Information shown:

• • • •

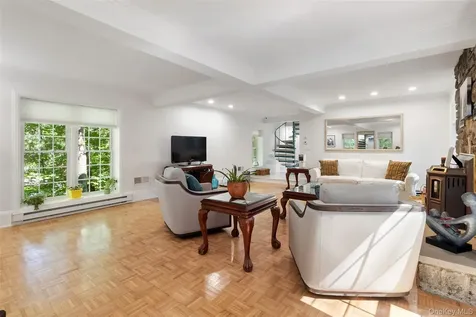 8 Rock Hill Road Mahopac NY 10541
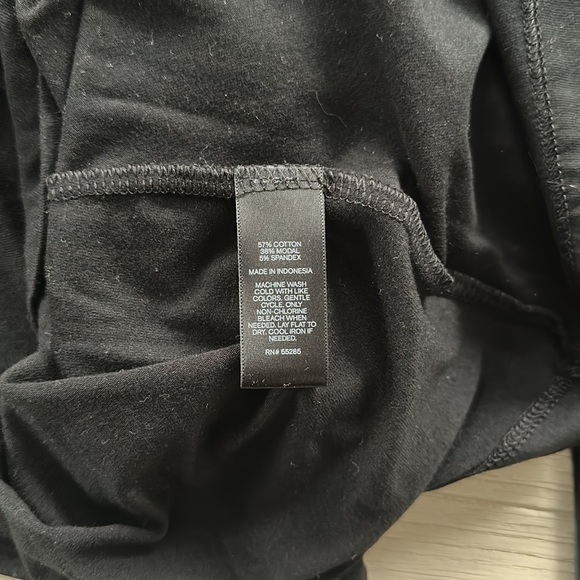 Express • Black V Neck Long Sleeve Dress - Picture 6 of 9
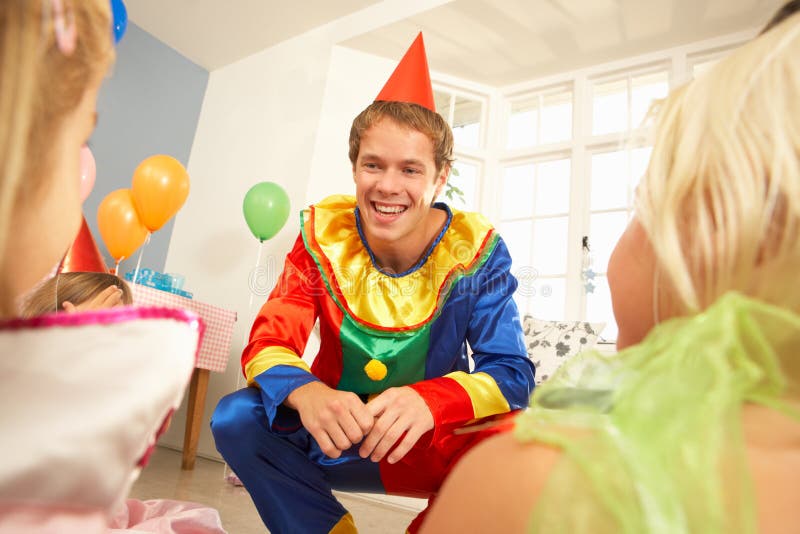 De onderhoudende kinderen van de clown bij partij royalty-vrije stock fotografie De onderhoudende kinderen van de clown bij partij royalty-vrije stock fotografie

• • • •

Directions:
Print the material above exactly as it appears, but not its pictures.

Finished exercise:
 8 Rock Hill Road Mahopac NY 10541
 Express • Black V Neck Long Sleeve Dress - Picture 6 of 9
 De onderhoudende kinderen van de clown bij partij royalty-vrije stock fotografie De onderhoudende kinderen van de clown bij partij royalty-vrije stock fotografie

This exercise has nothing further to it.